• **Input material**:
[Start of section]

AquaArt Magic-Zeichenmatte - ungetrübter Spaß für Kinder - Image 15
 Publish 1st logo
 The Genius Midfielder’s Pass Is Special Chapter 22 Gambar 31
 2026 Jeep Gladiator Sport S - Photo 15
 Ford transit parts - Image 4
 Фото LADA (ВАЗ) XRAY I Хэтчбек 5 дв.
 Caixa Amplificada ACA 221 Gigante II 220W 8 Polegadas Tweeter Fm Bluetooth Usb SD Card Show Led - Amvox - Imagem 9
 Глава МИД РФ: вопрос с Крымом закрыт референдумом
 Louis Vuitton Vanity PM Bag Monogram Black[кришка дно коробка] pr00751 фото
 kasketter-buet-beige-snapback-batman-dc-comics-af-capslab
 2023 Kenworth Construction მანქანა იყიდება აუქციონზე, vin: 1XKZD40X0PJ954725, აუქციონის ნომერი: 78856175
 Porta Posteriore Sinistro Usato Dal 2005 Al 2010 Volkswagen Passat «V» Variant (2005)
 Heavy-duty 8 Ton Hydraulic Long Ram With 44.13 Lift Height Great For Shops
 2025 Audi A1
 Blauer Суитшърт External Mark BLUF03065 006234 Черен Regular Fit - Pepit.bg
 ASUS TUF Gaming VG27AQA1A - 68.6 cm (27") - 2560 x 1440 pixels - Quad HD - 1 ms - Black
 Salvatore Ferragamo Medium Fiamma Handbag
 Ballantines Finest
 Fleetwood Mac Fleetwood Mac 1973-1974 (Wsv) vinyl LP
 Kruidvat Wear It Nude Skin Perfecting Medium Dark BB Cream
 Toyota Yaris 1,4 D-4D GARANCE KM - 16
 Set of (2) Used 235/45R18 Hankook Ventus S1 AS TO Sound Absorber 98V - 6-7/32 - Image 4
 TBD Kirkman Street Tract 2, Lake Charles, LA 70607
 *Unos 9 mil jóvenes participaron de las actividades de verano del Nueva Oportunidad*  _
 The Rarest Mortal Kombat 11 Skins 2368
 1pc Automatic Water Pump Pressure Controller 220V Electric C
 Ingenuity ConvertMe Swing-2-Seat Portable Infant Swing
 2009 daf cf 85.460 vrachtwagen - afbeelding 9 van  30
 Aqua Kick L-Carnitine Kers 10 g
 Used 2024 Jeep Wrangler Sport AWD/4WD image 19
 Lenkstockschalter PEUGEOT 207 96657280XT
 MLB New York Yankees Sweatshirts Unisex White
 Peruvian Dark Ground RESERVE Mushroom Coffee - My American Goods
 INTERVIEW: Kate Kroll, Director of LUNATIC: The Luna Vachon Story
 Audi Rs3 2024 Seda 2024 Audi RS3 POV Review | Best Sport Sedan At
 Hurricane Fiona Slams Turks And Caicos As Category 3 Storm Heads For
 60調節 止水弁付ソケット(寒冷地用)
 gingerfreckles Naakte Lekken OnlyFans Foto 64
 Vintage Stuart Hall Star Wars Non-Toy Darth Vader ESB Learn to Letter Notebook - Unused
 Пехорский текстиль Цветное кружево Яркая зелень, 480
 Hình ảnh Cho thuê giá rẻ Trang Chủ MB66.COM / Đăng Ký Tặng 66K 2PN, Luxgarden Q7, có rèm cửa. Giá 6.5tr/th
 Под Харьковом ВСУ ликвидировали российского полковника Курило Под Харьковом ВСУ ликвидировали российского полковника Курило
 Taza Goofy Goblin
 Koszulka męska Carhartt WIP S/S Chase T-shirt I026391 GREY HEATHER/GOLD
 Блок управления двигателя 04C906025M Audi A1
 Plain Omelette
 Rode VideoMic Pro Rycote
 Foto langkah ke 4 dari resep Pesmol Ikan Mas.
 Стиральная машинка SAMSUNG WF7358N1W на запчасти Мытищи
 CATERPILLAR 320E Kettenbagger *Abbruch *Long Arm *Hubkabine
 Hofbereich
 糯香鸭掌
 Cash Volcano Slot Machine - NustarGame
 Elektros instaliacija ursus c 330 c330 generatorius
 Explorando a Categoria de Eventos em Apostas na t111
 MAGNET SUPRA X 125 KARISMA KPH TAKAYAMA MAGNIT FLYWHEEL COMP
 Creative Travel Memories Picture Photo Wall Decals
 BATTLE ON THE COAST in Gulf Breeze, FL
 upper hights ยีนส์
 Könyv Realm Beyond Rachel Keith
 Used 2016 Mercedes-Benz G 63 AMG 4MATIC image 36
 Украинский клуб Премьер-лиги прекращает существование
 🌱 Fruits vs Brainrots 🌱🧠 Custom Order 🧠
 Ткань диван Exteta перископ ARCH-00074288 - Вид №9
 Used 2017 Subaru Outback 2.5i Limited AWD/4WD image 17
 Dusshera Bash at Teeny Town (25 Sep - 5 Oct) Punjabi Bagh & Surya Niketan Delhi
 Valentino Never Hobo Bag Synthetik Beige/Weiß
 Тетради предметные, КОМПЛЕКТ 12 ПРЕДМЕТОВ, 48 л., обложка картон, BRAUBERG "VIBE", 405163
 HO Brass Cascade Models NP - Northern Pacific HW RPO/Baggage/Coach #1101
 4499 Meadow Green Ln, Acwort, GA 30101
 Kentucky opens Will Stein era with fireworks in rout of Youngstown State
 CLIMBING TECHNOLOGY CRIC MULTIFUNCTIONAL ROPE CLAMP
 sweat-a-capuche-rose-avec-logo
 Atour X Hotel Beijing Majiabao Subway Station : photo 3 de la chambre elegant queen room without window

[End of section]

• **What to do**: Copy down every record, keeping each one exact.

• **Exercise result**:
AquaArt Magic-Zeichenmatte - ungetrübter Spaß für Kinder - Image 15
 Publish 1st logo
 The Genius Midfielder’s Pass Is Special Chapter 22 Gambar 31
 2026 Jeep Gladiator Sport S - Photo 15
 Ford transit parts - Image 4
 Фото LADA (ВАЗ) XRAY I Хэтчбек 5 дв.
 Caixa Amplificada ACA 221 Gigante II 220W 8 Polegadas Tweeter Fm Bluetooth Usb SD Card Show Led - Amvox - Imagem 9
 Глава МИД РФ: вопрос с Крымом закрыт референдумом
 Louis Vuitton Vanity PM Bag Monogram Black[кришка дно коробка] pr00751 фото
 kasketter-buet-beige-snapback-batman-dc-comics-af-capslab
 2023 Kenworth Construction მანქანა იყიდება აუქციონზე, vin: 1XKZD40X0PJ954725, აუქციონის ნომერი: 78856175
 Porta Posteriore Sinistro Usato Dal 2005 Al 2010 Volkswagen Passat «V» Variant (2005)
 Heavy-duty 8 Ton Hydraulic Long Ram With 44.13 Lift Height Great For Shops
 2025 Audi A1
 Blauer Суитшърт External Mark BLUF03065 006234 Черен Regular Fit - Pepit.bg
 ASUS TUF Gaming VG27AQA1A - 68.6 cm (27") - 2560 x 1440 pixels - Quad HD - 1 ms - Black
 Salvatore Ferragamo Medium Fiamma Handbag
 Ballantines Finest
 Fleetwood Mac Fleetwood Mac 1973-1974 (Wsv) vinyl LP
 Kruidvat Wear It Nude Skin Perfecting Medium Dark BB Cream
 Toyota Yaris 1,4 D-4D GARANCE KM - 16
 Set of (2) Used 235/45R18 Hankook Ventus S1 AS TO Sound Absorber 98V - 6-7/32 - Image 4
 TBD Kirkman Street Tract 2, Lake Charles, LA 70607
 *Unos 9 mil jóvenes participaron de las actividades de verano del Nueva Oportunidad*  _
 The Rarest Mortal Kombat 11 Skins 2368
 1pc Automatic Water Pump Pressure Controller 220V Electric C
 Ingenuity ConvertMe Swing-2-Seat Portable Infant Swing
 2009 daf cf 85.460 vrachtwagen - afbeelding 9 van  30
 Aqua Kick L-Carnitine Kers 10 g
 Used 2024 Jeep Wrangler Sport AWD/4WD image 19
 Lenkstockschalter PEUGEOT 207 96657280XT
 MLB New York Yankees Sweatshirts Unisex White
 Peruvian Dark Ground RESERVE Mushroom Coffee - My American Goods
 INTERVIEW: Kate Kroll, Director of LUNATIC: The Luna Vachon Story
 Audi Rs3 2024 Seda 2024 Audi RS3 POV Review | Best Sport Sedan At
 Hurricane Fiona Slams Turks And Caicos As Category 3 Storm Heads For
 60調節 止水弁付ソケット(寒冷地用)
 gingerfreckles Naakte Lekken OnlyFans Foto 64
 Vintage Stuart Hall Star Wars Non-Toy Darth Vader ESB Learn to Letter Notebook - Unused
 Пехорский текстиль Цветное кружево Яркая зелень, 480
 Hình ảnh Cho thuê giá rẻ Trang Chủ MB66.COM / Đăng Ký Tặng 66K 2PN, Luxgarden Q7, có rèm cửa. Giá 6.5tr/th
 Под Харьковом ВСУ ликвидировали российского полковника Курило Под Харьковом ВСУ ликвидировали российского полковника Курило
 Taza Goofy Goblin
 Koszulka męska Carhartt WIP S/S Chase T-shirt I026391 GREY HEATHER/GOLD
 Блок управления двигателя 04C906025M Audi A1
 Plain Omelette
 Rode VideoMic Pro Rycote
 Foto langkah ke 4 dari resep Pesmol Ikan Mas.
 Стиральная машинка SAMSUNG WF7358N1W на запчасти Мытищи
 CATERPILLAR 320E Kettenbagger *Abbruch *Long Arm *Hubkabine
 Hofbereich
 糯香鸭掌
 Cash Volcano Slot Machine - NustarGame
 Elektros instaliacija ursus c 330 c330 generatorius
 Explorando a Categoria de Eventos em Apostas na t111
 MAGNET SUPRA X 125 KARISMA KPH TAKAYAMA MAGNIT FLYWHEEL COMP
 Creative Travel Memories Picture Photo Wall Decals
 BATTLE ON THE COAST in Gulf Breeze, FL
 upper hights ยีนส์
 Könyv Realm Beyond Rachel Keith
 Used 2016 Mercedes-Benz G 63 AMG 4MATIC image 36
 Украинский клуб Премьер-лиги прекращает существование
 🌱 Fruits vs Brainrots 🌱🧠 Custom Order 🧠
 Ткань диван Exteta перископ ARCH-00074288 - Вид №9
 Used 2017 Subaru Outback 2.5i Limited AWD/4WD image 17
 Dusshera Bash at Teeny Town (25 Sep - 5 Oct) Punjabi Bagh & Surya Niketan Delhi
 Valentino Never Hobo Bag Synthetik Beige/Weiß
 Тетради предметные, КОМПЛЕКТ 12 ПРЕДМЕТОВ, 48 л., обложка картон, BRAUBERG "VIBE", 405163
 HO Brass Cascade Models NP - Northern Pacific HW RPO/Baggage/Coach #1101
 4499 Meadow Green Ln, Acwort, GA 30101
 Kentucky opens Will Stein era with fireworks in rout of Youngstown State
 CLIMBING TECHNOLOGY CRIC MULTIFUNCTIONAL ROPE CLAMP
 sweat-a-capuche-rose-avec-logo
 Atour X Hotel Beijing Majiabao Subway Station : photo 3 de la chambre elegant queen room without window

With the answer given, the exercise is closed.